[Opening AVAILABLE DATA section]

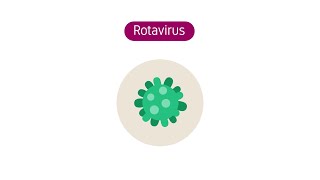 Wat is het rotavirus [upl. by Anib595]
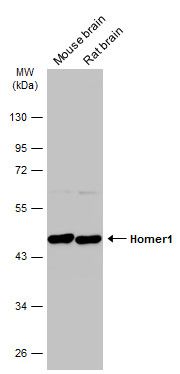 Homer1 antibody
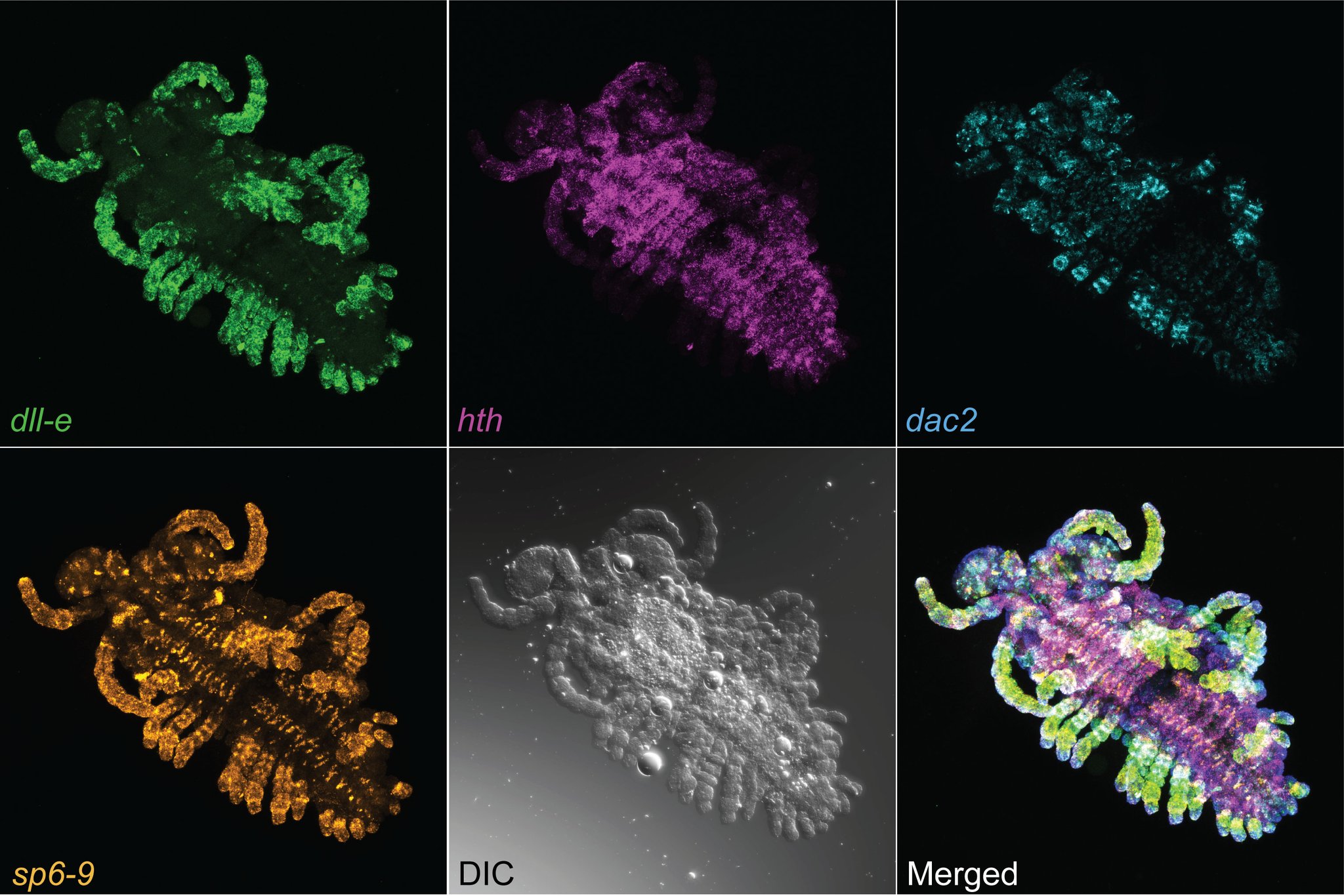 a set of gap genes in parhyale hawaienis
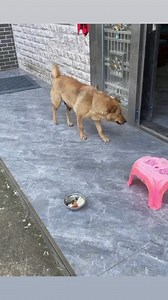 1.4M views · 31K reactions | Funny  #doggies #respect #fyp #fyp #pets #funnyreels #cat #dogs #facebookreels #reelsfb #fun #dog #funnydogs | Viral Prince | Facebook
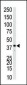 MAPK14 Antibody (C-term)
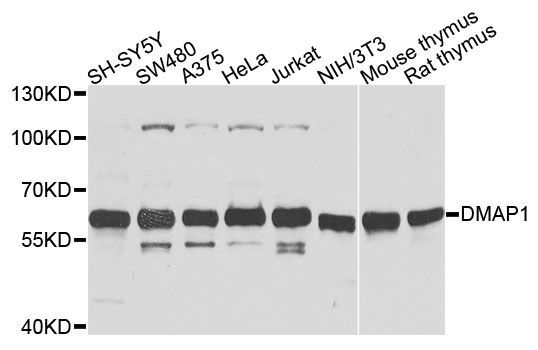 Western blot - DMAP1 antibody (144-02324)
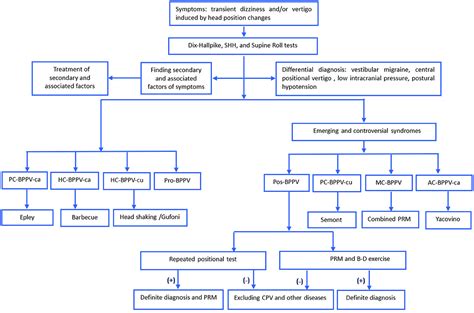 Frontiers Clinical Characteristics Of Patients With Benign Paroxysmal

[Closing AVAILABLE DATA section]

■ **YOUR ASSIGNMENT**:
Restate the data word for word from its first line through the line with "1.4M views ·", leaving out any picture along the way.

■ **WRITTEN RESPONSE**:
 Wat is het rotavirus [upl. by Anib595]
 Homer1 antibody
 a set of gap genes in parhyale hawaienis
 1.4M views · 31K reactions | Funny  #doggies #respect #fyp #fyp #pets #funnyreels #cat #dogs #facebookreels #reelsfb #fun #dog #funnydogs | Viral Prince | Facebook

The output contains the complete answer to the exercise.